* What to work on:
Look through the data below and, wherever a line carries the word "photo", please copy that line.

* Provided records:
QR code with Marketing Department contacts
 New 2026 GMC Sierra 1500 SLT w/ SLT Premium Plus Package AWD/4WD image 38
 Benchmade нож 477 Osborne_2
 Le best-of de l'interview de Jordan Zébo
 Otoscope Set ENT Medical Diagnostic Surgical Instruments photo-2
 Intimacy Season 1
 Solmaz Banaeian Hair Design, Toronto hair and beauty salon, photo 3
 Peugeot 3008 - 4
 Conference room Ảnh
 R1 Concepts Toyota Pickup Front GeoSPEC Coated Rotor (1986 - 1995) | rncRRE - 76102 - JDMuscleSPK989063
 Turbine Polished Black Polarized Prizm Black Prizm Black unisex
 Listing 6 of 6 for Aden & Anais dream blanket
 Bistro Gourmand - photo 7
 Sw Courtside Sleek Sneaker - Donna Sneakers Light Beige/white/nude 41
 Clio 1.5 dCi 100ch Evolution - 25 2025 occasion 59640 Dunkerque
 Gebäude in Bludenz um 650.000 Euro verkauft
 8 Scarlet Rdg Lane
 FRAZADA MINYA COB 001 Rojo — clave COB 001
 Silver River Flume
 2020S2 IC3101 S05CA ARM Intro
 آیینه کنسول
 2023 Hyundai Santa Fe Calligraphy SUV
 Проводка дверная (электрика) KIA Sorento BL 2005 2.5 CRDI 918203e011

* Exercise solution:
 Otoscope Set ENT Medical Diagnostic Surgical Instruments photo-2
 Solmaz Banaeian Hair Design, Toronto hair and beauty salon, photo 3
 Bistro Gourmand - photo 7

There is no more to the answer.